Стена десятых | страница 6
— Даю пять минут на размышление! — и вновь заходил.
Тумана уже не было. Рабочие глядели между винтовок в сторону поселка. Женщины тянулись через полотно железной дороги к заводу, казаки отгоняли их, взмахивали нагайками, и воздух прокалывали вскрики. Солдаты казались слепыми, глухими, неподвижными, и под блузами вскипала злоба: «Ух, чортовы оловяшки!»
Капитан поймал болтающиеся часы и остановился:
— Ну-у?! Или прикажете просить вас?!
Молчание взъярило его еще больше, и он до визга вытянул голос:
— А-а-а, думаете, я пришел шутить с вами?! Вывести каждого десятого! Эй, вы-ы, та-ам!

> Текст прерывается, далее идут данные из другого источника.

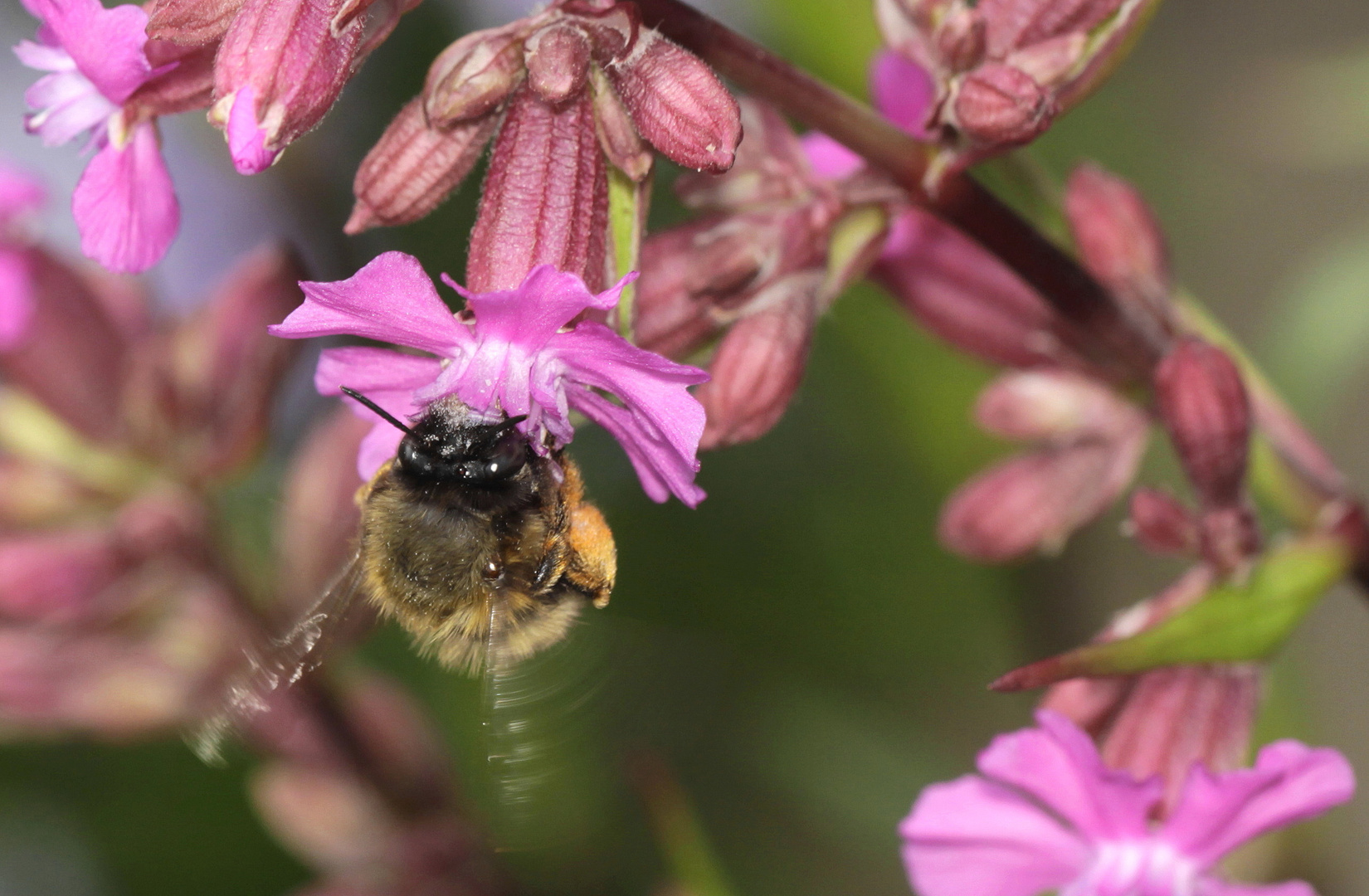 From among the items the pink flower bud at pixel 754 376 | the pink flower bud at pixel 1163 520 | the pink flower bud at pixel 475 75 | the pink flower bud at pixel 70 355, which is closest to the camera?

На концах шеренг выступили солдаты с нашивками, люди в плащах и пошли по рядам:
— Раз, два, три, четыре… десять… вылетай!
Солдаты выталкивали десятых за шеренгу, там их подхватывали другие и вели к верховым:
— Стань и замри!
Человек в плаще накололся на большие глаза Ильи, примерил взглядом, не десятый ли он, и спросил:
— Господин капитан, разрешите перетасовать? Благодарю. Этого назад!
Солдат выдернул похолодевшего Илью из ряда и повел вперед.
-.. восемь, девять… марш!
За шеренгой Илья отстранился от провожатых, подошел к верховым и примкнул к плечу певуна Васи Крамаренко. Он знал, за что его передвинули в десятые, не спорил, но близость смерти наваливалась на плечи и сжимала сердце. В спину фыркала лошадь. Илья перестал думать о себе, опережал глазами счетчиков — «пять, шесть, семь, восемь, девять», — взглядом как бы подхватывал десятого и, боясь, что тот закричит, бережно вел его к себе.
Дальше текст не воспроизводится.